Scientists have discovered a new genetic program in fruit flies that controls development of neurons and protects them from degeneration. The genes in this program have hardly changed over hundreds of millions of years of evolution and exist in comparable “homologous” forms in mammals, including humans. Initial results suggest these homologs might perform similar tasks in humans.
The findings are reported in the article, “Axon morphogenesis and maintenance require an evolutionary conserved safeguard function of Wnk kinases antagonizing Sarm and Axed,” published in the journal Neuron. These new insights provide a starting point for the development of new therapeutics for neurodegenerative diseases.
Although the human brain is much larger and more complex than a fruit fly’s, there are molecular parallels between the two organisms. The current study discovers another.
“We specifically switched off individual genes and observed how the neurons changed as a result,” says Dietmar Schmucker, PhD, Humboldt Professor at the Life and Medical Sciences (LIMES) Institute at the University of Bonn and co-corresponding author on this study. “During this, we came upon a gene called WNK, which performs an incredible dual role.”

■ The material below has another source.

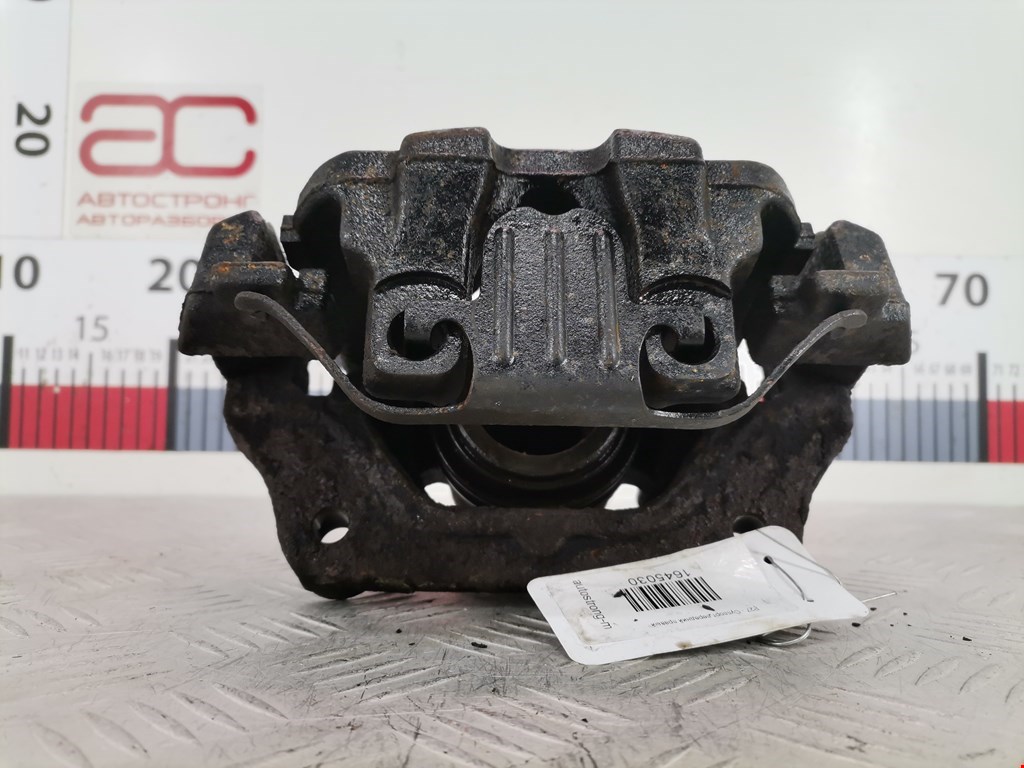 Суппорт передний правый BMW X1 E84 2009-2015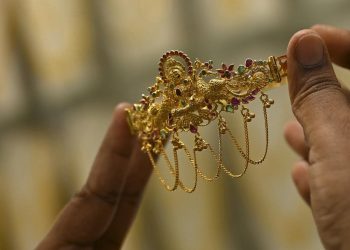 Harga Emas Hari Ini Naik 1,6 Persen Terkait Aksi Beli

Schmucker and his team investigates genetic mechanisms responsible for the diversity and complexity of the brain by studying animal models such as the fruit fly (Drosophila melanogaster) and the western clawed frog, Xenopus tropicalis.

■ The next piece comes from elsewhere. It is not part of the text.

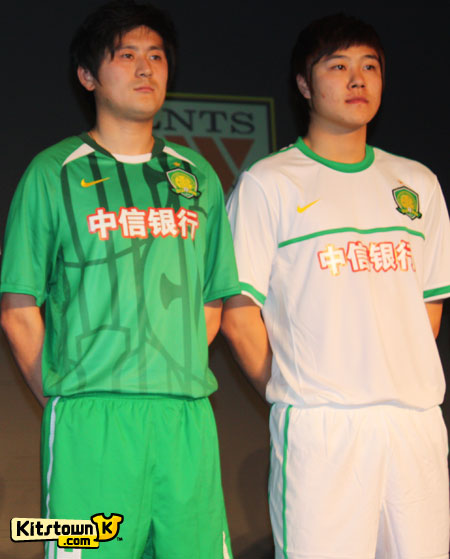 北京国安2011赛季新球衣发布 © kitstown.com 球衫堂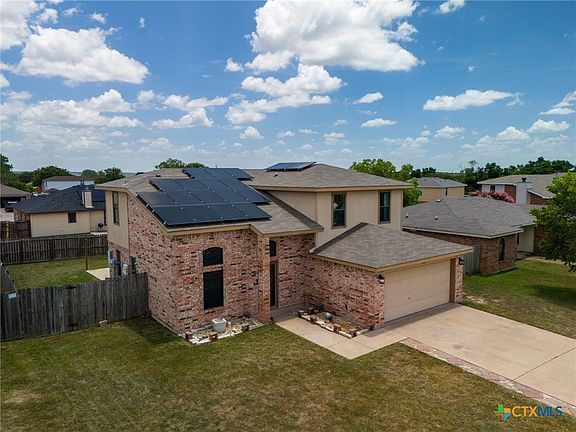3rd image of 1121 Katelyn Cir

Azadeh Izadifar, PhD, a postdoctoral student in Schmucker’s group and lead author on the current study made the central discovery in the current study that WNK is necessary for connecting neurons during the development of the nervous system. Axons are cable-like neuronal extensions that transmit electrical signals by forming many synapses with other neurons. “Without the WNK protein, functional axonal branches are largely absent,” says Izadifar.
In adult animals WNK protects existing axons. If switched off in adults, the axonal branches already formed during developmental stages, degenerate.
“Both functions may be two sides of the same coin,” says Schmucker. WNK appears to be part of a regulatory network that controls both the formation of axonal branches during development and the degeneration of neural connections in adults.
WNK encodes a kinase–an enzyme that adds phosphate groups to other proteins to modify their fate or function. WNK regulates and supports a neuroprotective factor called Nmnat. WNK also inhibits at least two other axon-destabilizing proteins called Sarm and Axed that play an important role in the active neurodegeneration of axons. The researchers show excessive expression of Sarm or Axed causes defects in axon branching which can be blocked by increasing levels of WNK or Nmnat.
These results offer new impetus for understanding how neurodegenerative diseases occur in humans and how they could be treated.
As in fruit flies, WNK kinases exist in mammals where they also appear to be essential for protecting neurons, suggest experiments carried out in collaboration with a research group led by Franck Polleux, PhD, at Columbia University, New York. The team shows WNK kinases are important for the formation of axonal branches of neurons called pyramidal neurons in the cerebral cortices of mice and that their loss leads to the degeneration of their axons.
“It is also known that certain WNK mutations in humans lead to nerve damage, called peripheral neuropathy, which is accompanied by progressive sensory disorders in the arms and legs,” says Schmucker.
Schmucker hopes WNK kinase may be of therapeutic use in the fight against neurodegenerative diseases. For instance, its pharmacological overactivation may increase its ability to protect neurons.
The study was funded by the Belgian Research Foundation – Flanders, the Fondation pour la Recherche Medicale (FRM) in France, the European Union as part of its ERC Starting Grants, and by the Humboldt Foundation, the Roger De Spoelberch Fondation, and the Thompson Family Foundation Initiative. Scientists at the University of Bonn, KU Leuven, the Université de Lyon, Columbia University New York, and the University of Tokyo collaborated on this study.